Every line from the start of the entries up to and including the one bearing "Executive Junior Suite" must be printed verbatim, without the pictures.

***** Data for this exercise *****

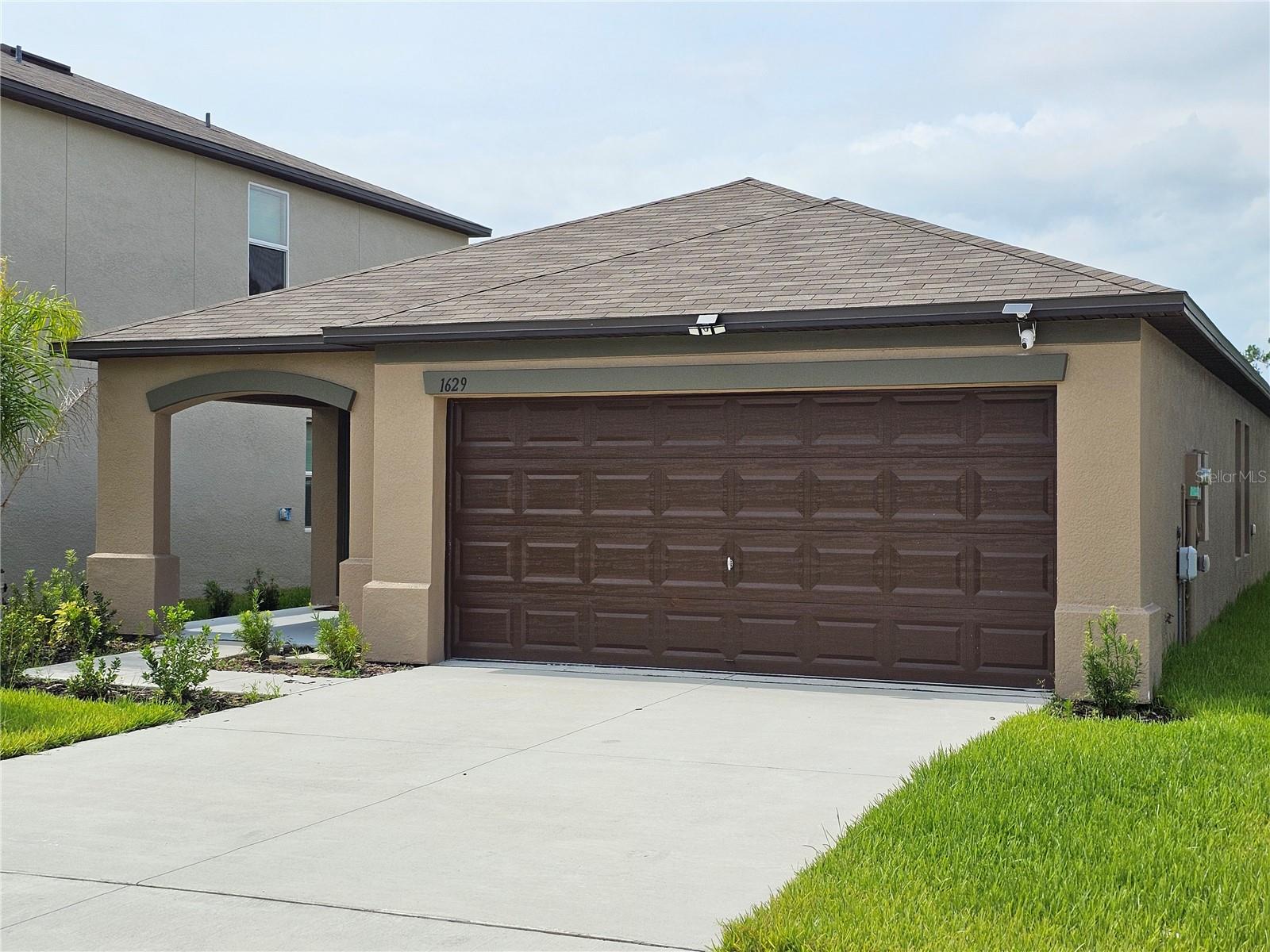1629 Yellow Trl Property Photo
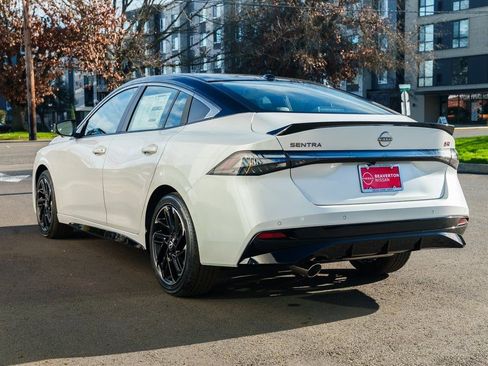 New 2026 Nissan Sentra SR w/ SR Premium Package FWD image 4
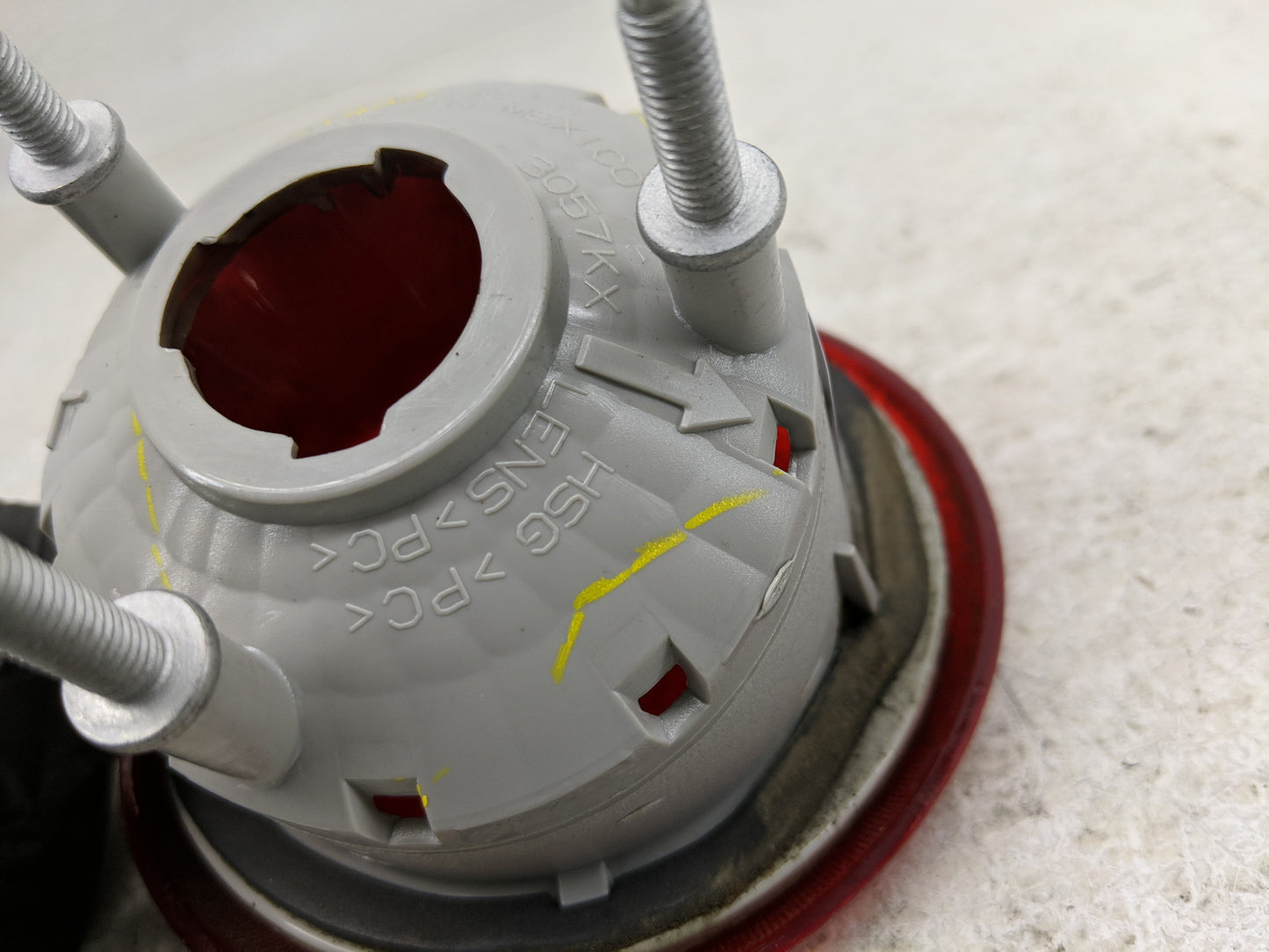 2006-2011 Chevrolet Hhr Tail Light Assembly Driver Left OEM P/N:16532503 A Fits Fits 2006 2007 2008 2009 2010 2011 OEM Used 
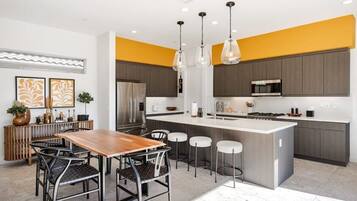 Køleskab, mikrobølgeovn, ovn, kogeplade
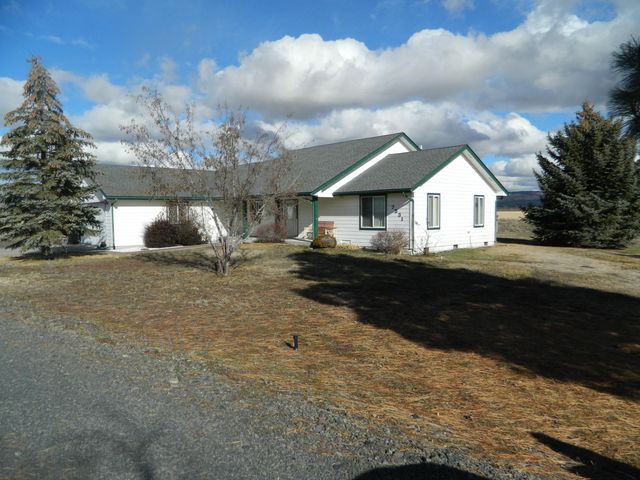 7531 Roberta Drive, Klamath Falls, OR 97603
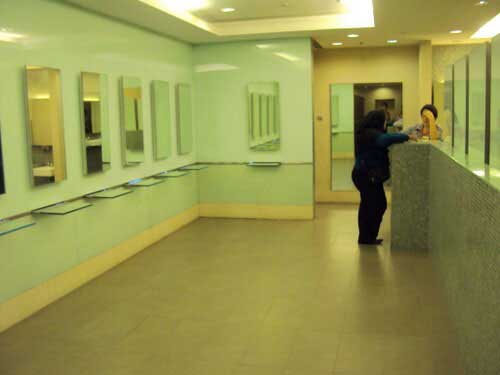 5 Star Toilet - Jurong Point Shopping Centre 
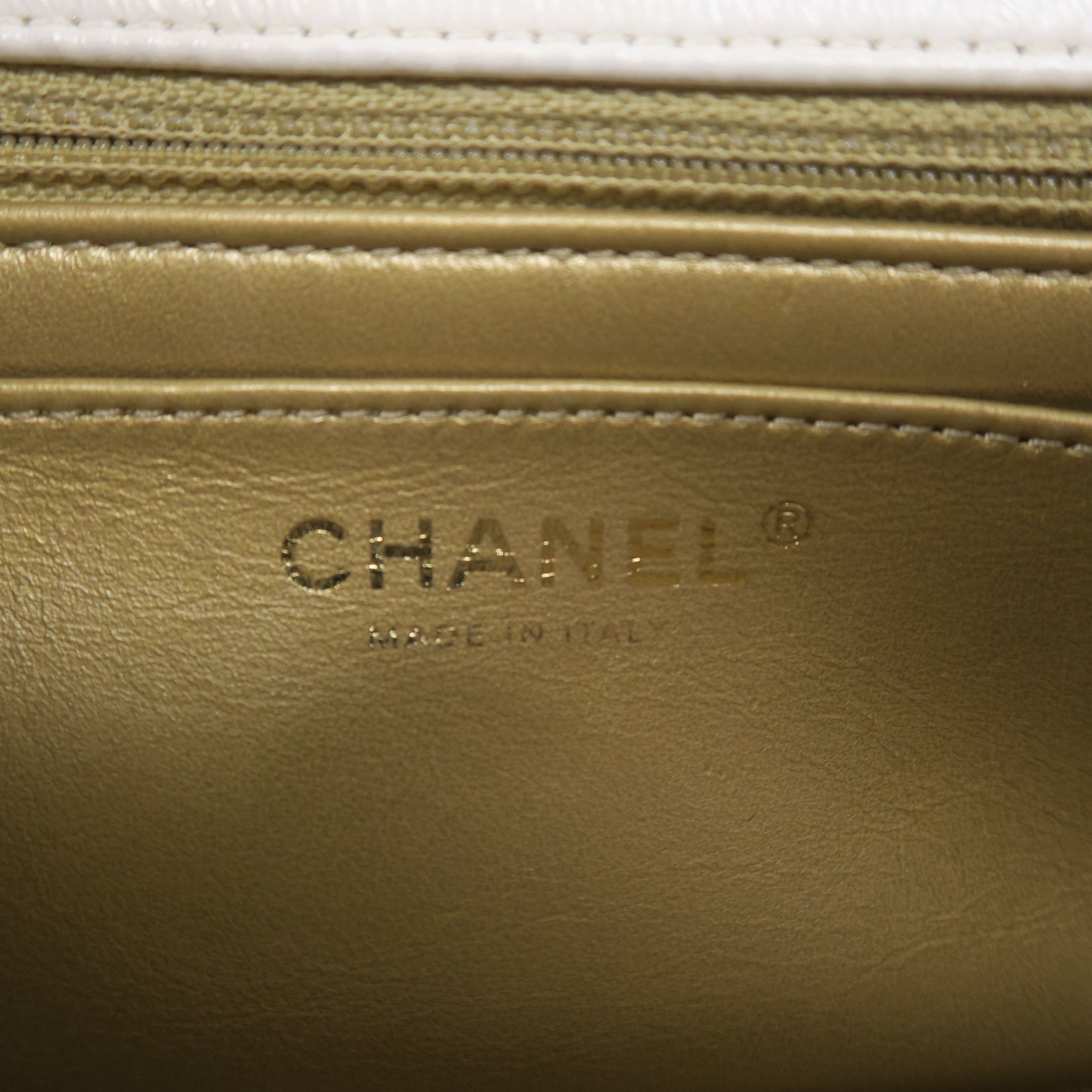 CHANEL 【激減優惠】菱格羊皮皮革Chain Shoulder金扣鏈帶肩背袋白色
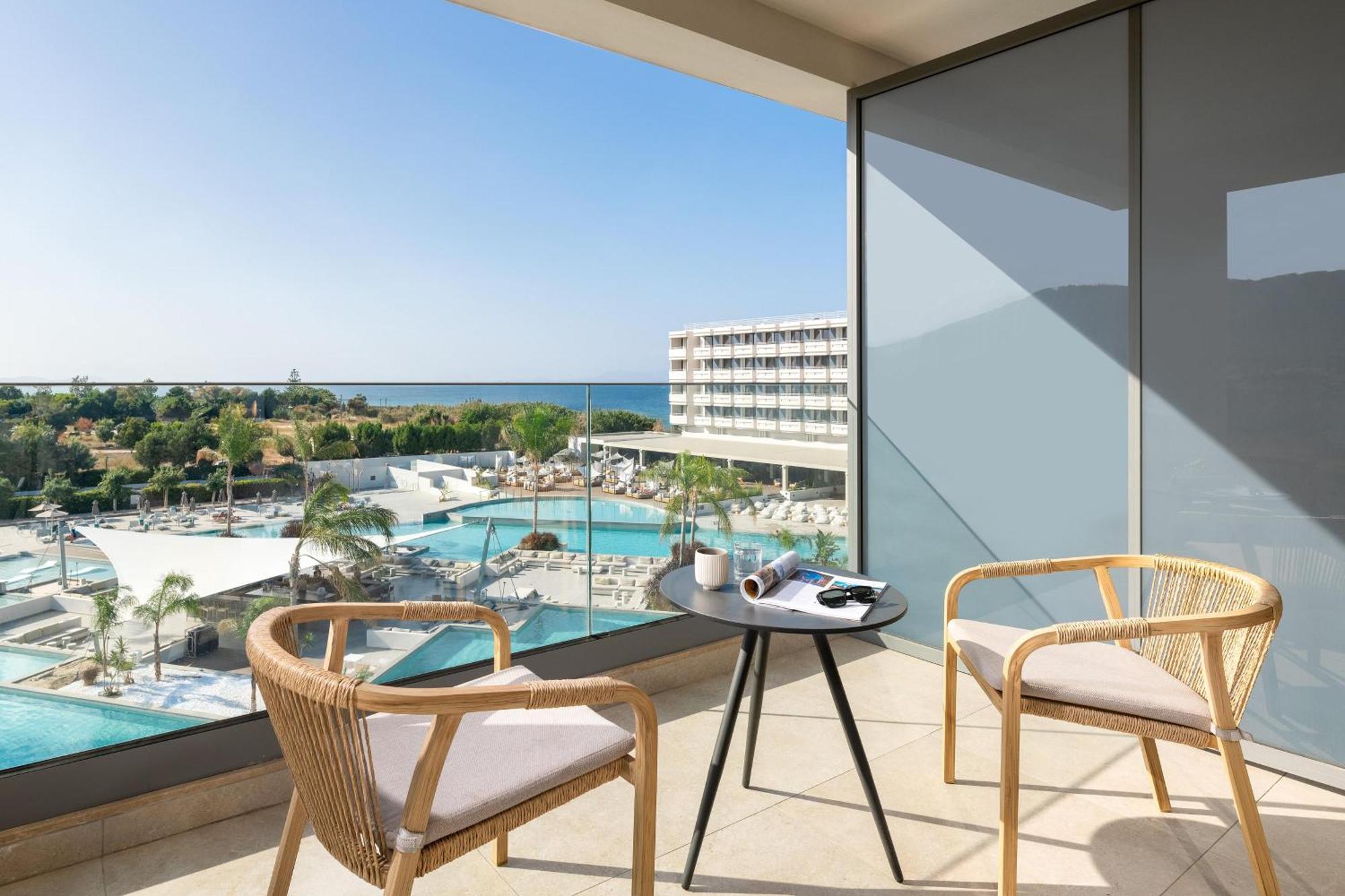Executive Junior Suite Pool View,1623645726:JPEG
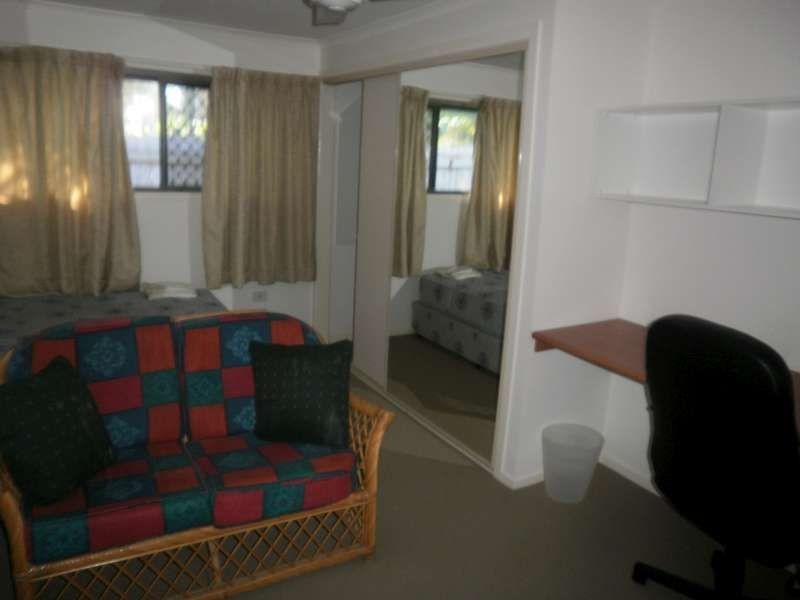 2/51 Minnie Street, Southport QLD 4215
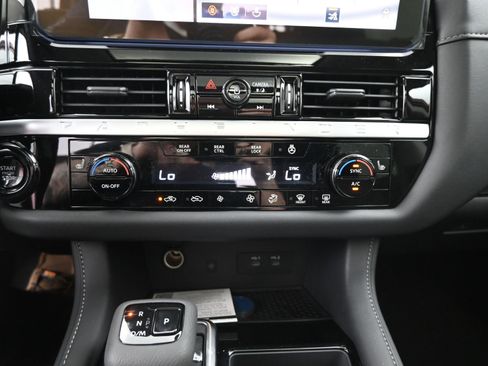 New 2026 Nissan Pathfinder SL AWD/4WD image 17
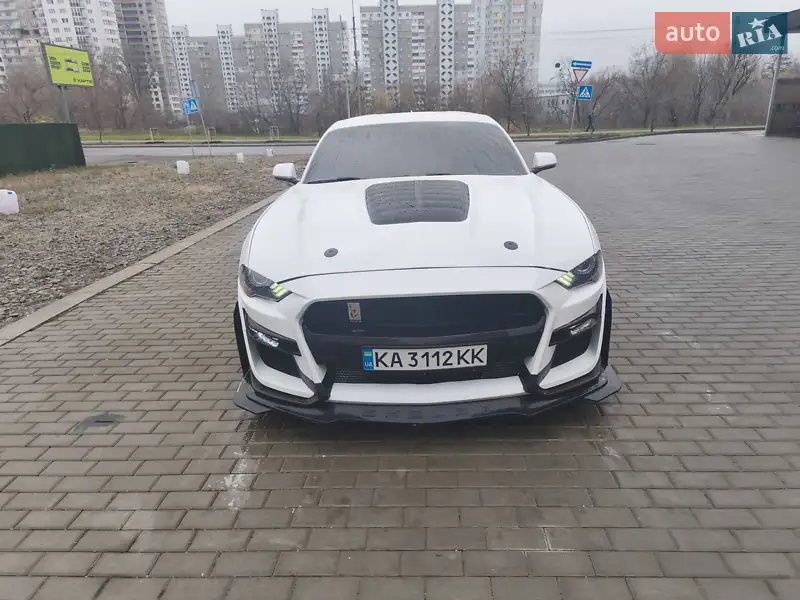 2020 ford mustang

*****

[Finished exercise]
1629 Yellow Trl Property Photo
 New 2026 Nissan Sentra SR w/ SR Premium Package FWD image 4
 2006-2011 Chevrolet Hhr Tail Light Assembly Driver Left OEM P/N:16532503 A Fits Fits 2006 2007 2008 2009 2010 2011 OEM Used 
 Køleskab, mikrobølgeovn, ovn, kogeplade
 7531 Roberta Drive, Klamath Falls, OR 97603
 5 Star Toilet - Jurong Point Shopping Centre 
 CHANEL 【激減優惠】菱格羊皮皮革Chain Shoulder金扣鏈帶肩背袋白色
Executive Junior Suite Pool View,1623645726:JPEG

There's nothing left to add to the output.